Bill Lewis has a studio space in the 9th Street Studios where he creates art solely from his imagination and has had no formal training since high school, yet his paintings are beautifully done and are definitely fine art. “I liked watching Bob Ross on TV when I was young. He made it look so easy. In reality, when you sit down and put brush to canvas, you find out it is not as easy as he makes it look in a 30 minute show,” Bill said with a grin.
He was playing around with bolts and brass fittings and putting together desk sculptures in what he calls a “phase” when his wife Diana surprised him with a painting starter kit. “It took me a half of a year to start playing with it, and I got addicted. I get inspired by big panoramic outdoor scenes with sky being like a dynamic moving picture from one moment to the next. I like big clouds, and I like watching the weather change. I like to capture some of that movement on canvas,” he explained. “Most of my landscapes have a low horizon line and that goes back to me liking skies. Some people ask, ‘Where is your foreground,’ but there is not foreground on the plains. In landscapes, most of them have that low horizon line and that is the beauty of the sky. You can look up and have a whole different sky in the same day. It is really dynamic.” Bill continues, “I also like the old science fiction stories and the pictures on the cover of “Analog” [which is a science fiction magazine from decades ago]. I love the old cheesy 50’s movies with space ships and monsters. I have a series of paintings with made up astronauts.” Are these selfies? “Yeah, they could be,” he confessed.
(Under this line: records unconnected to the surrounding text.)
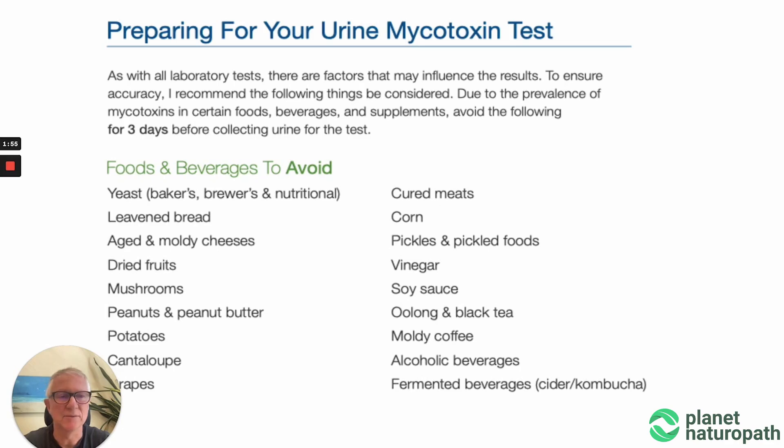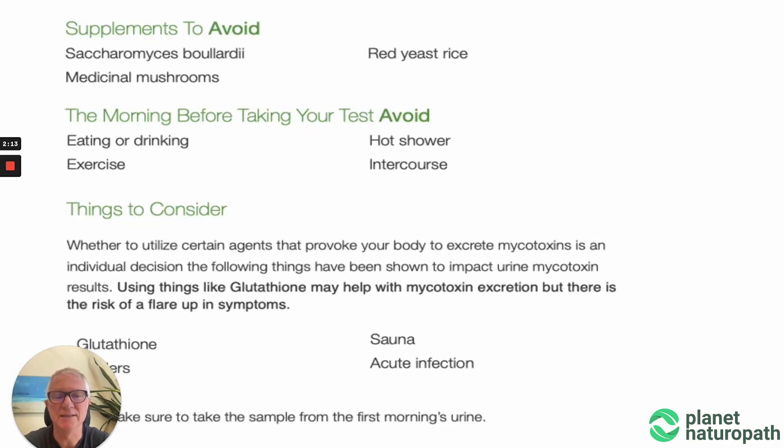Like any test, what you eat and consume leading up to the test can influence the results. This is the same with blood tests — if you exercise or eat certain foods, that can influence the results. So it's important to cut out certain foods and eliminate certain supplements leading up to the test. I often recommend taking glutathione before doing a mycotoxin test, unless you know that it causes a flare-up of symptoms. SORNA can be another way of helping stimulate the detox pathways before doing the test, or even just a hot shower.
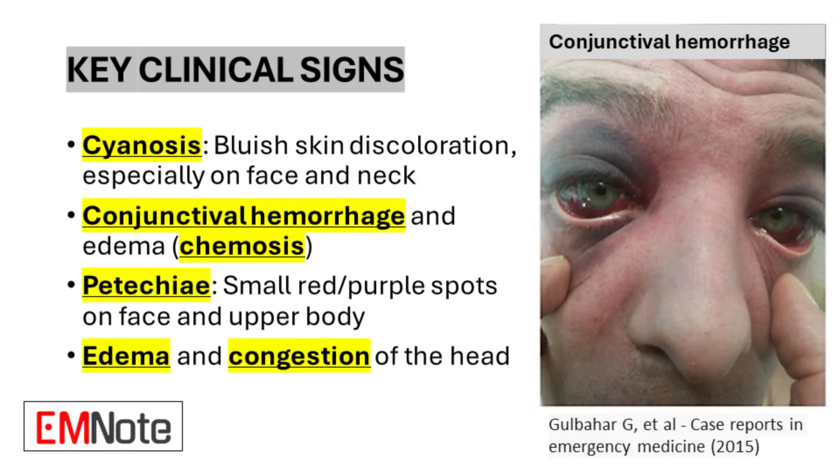The clinical presentation of traumatic asphyxia is characterized by several distinctive signs. Cyanosis, particularly noticeable on the face and neck, is a hallmark of this condition. Patients often exhibit conjunctival hemorrhage and edema, a condition known as chemosis. Petechiae, which appear as small red or purple spots, are typically observed on the face and upper body. Additionally, edema and congestion of the head are common findings.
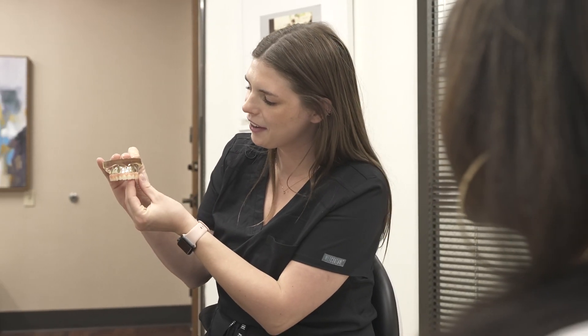A major barrier for patients getting a dental implant treatment is the cost or the perceived cost. We've had multiple patients who come to us feeling this way, and what we've typically found is that after they meet with our financial team — who can outline different ways for the treatment to be paid for and segmented out — typically it seems a lot more manageable.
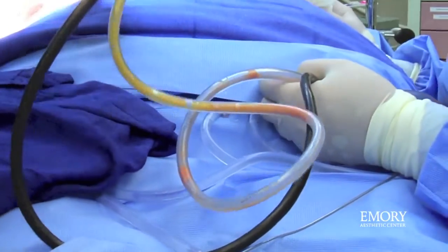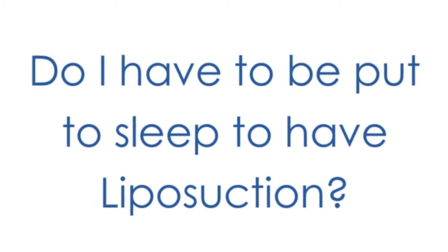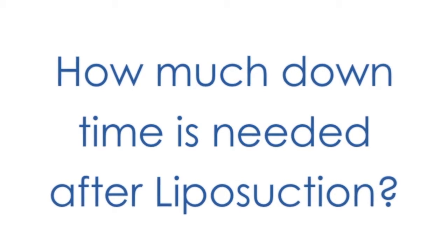Most liposuction is done with patients awake. Under the proper circumstances — meaning the area to be treated is available and the patient is psychologically prepared to put up with a very modest amount of discomfort — probably 90% of liposuction is performed with the patient awake using what's called tumescent anesthesia.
“A lot of times I will paint in black and white and just concentrate on values. It is easier to get an idea down with just two colors. I take color out of the equation,” Bill said. “I have some people tell me that some of my art is dark and brooding, like something just happened or is about to happen.” He has several of those paintings on display in his studio, one of which is entitled Black Arches, which has an eerie out of this world feeling. It is as captivating as any of his paintings in full color.
Bill sometimes takes months to finish a painting because of “the way I like to layer glazes”, and with other paintings he can finish in a day. He works almost exclusively in oil paints, but rarely does mixed media pieces.
“I am partial to larger paintings. The movement of the larger brush strokes and moving away from the easel to look at it appeals to me. I like to paint standing instead of sitting down,” Bill said. “I do like the big ones—doing big skies and getting physical with it. Sometimes if I don’t like something, I will face it toward the wall for a few months, then I turn it around. Sometimes I like it and sometimes I don’t. I am not in a hurry to get rid of anything,” he said. “I am not afraid of failure.”
When he wants to “do something mechanical”, he creates steam punk lights out of pipes and Edison Bulbs. They are funky and cool and are displayed in his studio. “I am glad that art community is rolling and getting some steam downtown. I like the After Hours Art Walks and meeting new people and having them come in”, B ill added. Bill will have a solo art show at The Maplewood in Century Plaza this April. In the mean time, swing by his studio and pay him a visit.